From 5013967cacb51650530bd8dea772449a150212a6 Mon Sep 17 00:00:00 2001
From: Dar Dahlen <dahlend@users.noreply.github.com>
Date: Tue, 9 Jul 2024 14:19:34 -0700
Subject: [PATCH] Spk optimizations - 15-20% speedup of orbit propagation (#73)

* Optimizations in interpolation
This leads to about 15-25% speedup in querying state vectors.
This will lead to commensurate speedups in integration.
---
 CHANGELOG.md                               |  2 +
 src/neospy/ztf.py                          |  5 +-
 src/neospy_core/src/spice/interpolation.rs | 42 ++++++++----
 src/neospy_core/src/spice/pck_segments.rs  |  5 +-
 src/neospy_core/src/spice/spk_segments.rs  | 78 +++++++++++++++-------
 5 files changed, 86 insertions(+), 46 deletions(-)

diff --git a/CHANGELOG.md b/CHANGELOG.md
index 97639a9..51a9a36 100644
--- a/CHANGELOG.md
+++ b/CHANGELOG.md
@@ -20,6 +20,8 @@ and this project adheres to [Semantic Versioning](https://semver.org/spec/v2.0.0
 
 ### Changed
 
+- Optimized SPICE kernel loading for Type 2 records, which is what DE440 is saved as.

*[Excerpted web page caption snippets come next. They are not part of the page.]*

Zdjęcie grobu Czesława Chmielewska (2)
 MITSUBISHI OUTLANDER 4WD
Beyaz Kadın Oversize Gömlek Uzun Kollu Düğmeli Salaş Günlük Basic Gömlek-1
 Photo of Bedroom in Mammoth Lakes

+  This means effectively all n-body propagation is now 15-20% faster than before.
 - Removed `SpiceKernel` as a class, lowering all its methods to the submodule level,
   see #68 for more discussion.
 - Removed `Time` object which was a wrapper over astropy.Time, instead making a
diff --git a/src/neospy/ztf.py b/src/neospy/ztf.py
index 8bfc68d..0dcb0d1 100644
--- a/src/neospy/ztf.py
+++ b/src/neospy/ztf.py
@@ -5,7 +5,6 @@
 from functools import lru_cache
 import os
 from collections import defaultdict
-import numpy as np
 
 from .cache import cached_file_download, cache_path
 from .fov import ZtfCcdQuad, ZtfField, FOVList
@@ -98,9 +97,7 @@ def fetch_ZTF_fovs(year: int):
     )
 
     # Exposures are 30 seconds
-    jds_str = [x.split("+")[0] for x in irsa_query["obsdate"]]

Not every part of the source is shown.